Je m'abonneLe marché de la distribution alimentaire, tous secteurs confondus, résiste globalement bien à la crise. Selon les chiffres publiés à l'été 2012 par l'Insee, l'activité des commerçants de détail poursuit son redressement. Ainsi, ils ont vu leurs ventes grimper de 1,3 % en volume et de 3,1 % en valeur, à 479 milliards d'euros. Par ailleurs, selon Kantar Worldpanel, dans cette période délicate, l'alimentaire progresse également en valeur et en volume. Il faut dire que les foyers français consacrent 16,7 % de leur budget total à l'alimentation. Un chiffre d'autant plus positif que l'habillement, l'électroménager, le cinéma, la restauration commerciale ou les produits d'hygiène et de beauté sont tous en recul.
Épicerie, attention aux marges
Commerçant de proximité par excellence, l'épicier de quartier est l'un des acteurs économiques favoris des Français. Pendant longtemps, les épiceries de proximité ont subi la concurrence des supermarchés et supérettes, mais la donne change. Entre la notion d'ultraproximité jusqu'à celle d'épicerie fine (Hédiard, Fauchon), l'épicerie a considérablement évolué. Avec un chiffre d'affaires en hausse de 5,1 %, le secteur affiche 1,5 point de croissance de plus que les produits de grande consommation (PGC) et les rayons frais. La raison de cette croissance? Les prix des produits vendus en épicerie ont connu une hausse de 3,7 % en moyenne (source: Kantar Worldpanel), du fait de la hausse du prix des matières premières. Cela a permis d'augmenter le chiffre d'affaires... mais pas nécessairement les marges! Par ailleurs, ce secteur, très concurrentiel, suscite les convoitises de la grande distribution qui y voit un bon moyen de s'implanter très localement, tout en minorant leurs charges fixes, bien plus faibles que celles des grandes surfaces. Responsable administratif et financier du Syndicat de l'épicerie française et de l'alimentation générale (Sefag), Nicolas Slim le confirme: « Les hypermarchés perdent du terrain, c'est un fait désormais indubitable. La proximité est en vogue et parfaitement en phase avec les attentes du consommateur qui est de plus en plus multicanal (super, hyper, Internet, drive, etc.), mais qui reste animé, avant tout, par sa quête de qualité de service. »

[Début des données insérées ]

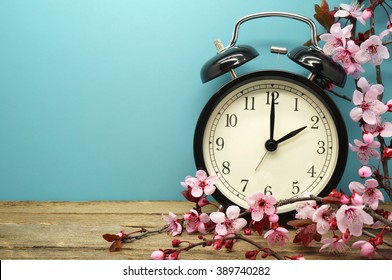 Spring Time Change / Pink Blossoms and an Alarm Clock on an Old Wooden Table - Shutterstock ID 389740282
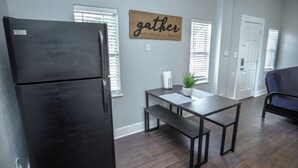 A modern kitchen with a black refrigerator, a wooden sign saying "gather with grateful hearts," a small table with a bench, and a potted plant. - Classic 1br/1ba Charming Apt w/ Modern Upgrades (San Antonio)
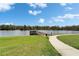 Scenic walking path leading to a dock on a peaceful lake under a blue sky with fluffy clouds at 6308 Bridgevista Dr, Lithia, FL 33547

Dans ce contexte, les enseignes de la grande distribution tentent de déployer un réseau: Dia, Casino, Carrefour, tous les grands noms possèdent leur propre formule d'épicerie de quartier, au format inférieur, en superficie, de celui de la supérette. Mais, pour Nicolas Slim, « il faut être très vigilant avant de se lancer. Certains modèles de franchise sont vraiment avantageux... pour les réseaux! Car, pour les exploitants, la donne peut parfois être différente », affirme-t-il. Le conseil de ce spécialiste: s'interroger sur les clauses de sortie en cas d'échec ou de succès.

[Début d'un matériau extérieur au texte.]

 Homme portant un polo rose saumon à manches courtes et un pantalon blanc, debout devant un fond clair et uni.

Malgré de bons résultats, le vin s'essouffle
Toujours dans l'alimentaire, le vin tire son épingle du jeu. De fait, 34,6 % des cavistes estiment que leurs ventes en juillet 2012 sont supérieures à celles de juillet 2011. C'est ce qu'indique le dernier baromètre de l'institut d'études Equonoxe. Toujours selon cet organisme, 4,6 % des cavistes trouvent même que leurs ventes sont «en forte progression». Des chiffres rassurants, qui s'inscrivent dans une tendance porteuse depuis deux ans sur le plan commercial. A noter que, selon les chiffres de France Agrimer, le marché du vin est dominé à 8 % par la grande distribution. Quant aux magasins spécialisés, franchisés ou non, ils représentent 7 % du marché. La France est le premier consommateur de vin, devant l'Italie, le Portugal et l'Espagne, et consomme environ 14 % du vin produit dans le monde. Sachant que neuf bouteilles consommées sur dix en France sont produites dans l'Hexagone, on peut considérer, à l'heure où le Made in France est en vogue, que le marché s'articule sur des bases solides.

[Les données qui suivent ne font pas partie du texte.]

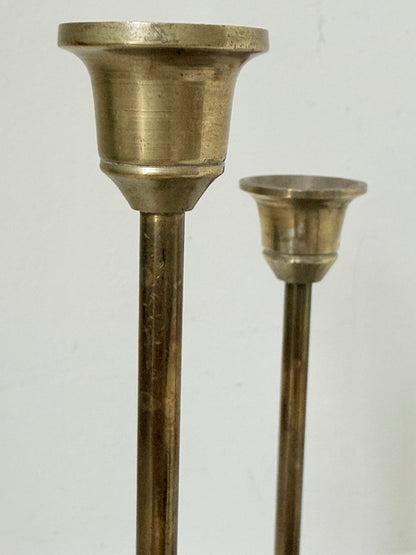 Set of 7 vintage brass candlesticks in graduated heights with aged brass finish styled with red ribbon on white surface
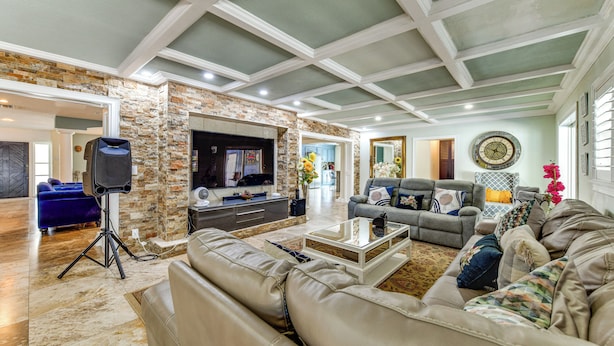 A spacious living room with a stone accent wall, a flat-screen TV, leather sofas, and a coffee table. - 2 Private Pools! 2-acre Retreat Near Dtwn Sarasota (Sarasota)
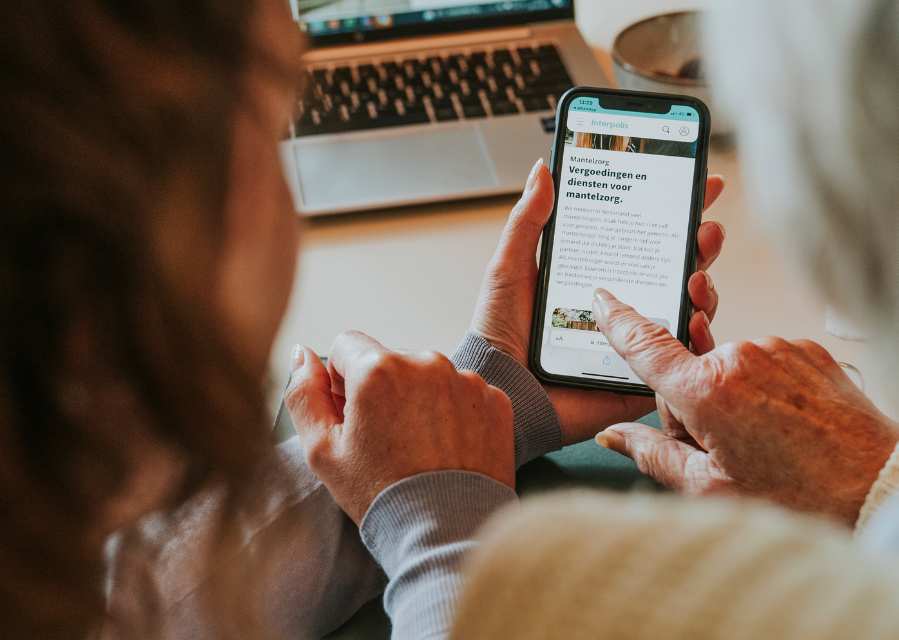 Een vrouw bekijkt met haar moeder de vergoedingen voor mantelzorg op haar telefoon.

Mais, si le vin a la cote sur le marché Français, les franchises spécialisées semblent accuser un ralentissement. Faut-il y voir un lien de cause à effet mais depuis 2010, Nicolas ne cherche plus à étendre son réseau. Pour Emmanuel de Bodard, fondateur du réseau Les domaines qui montent, « vouloir segmenter son activité et ne vendre que du vin n'est pas un modèle économique pérenne. Il est important, pour survivre, de savoir articuler son offre autour du vin, des produits de bouche associés à cet univers, sans pour autant s'y enfermer! ».
Besoin de douceurs?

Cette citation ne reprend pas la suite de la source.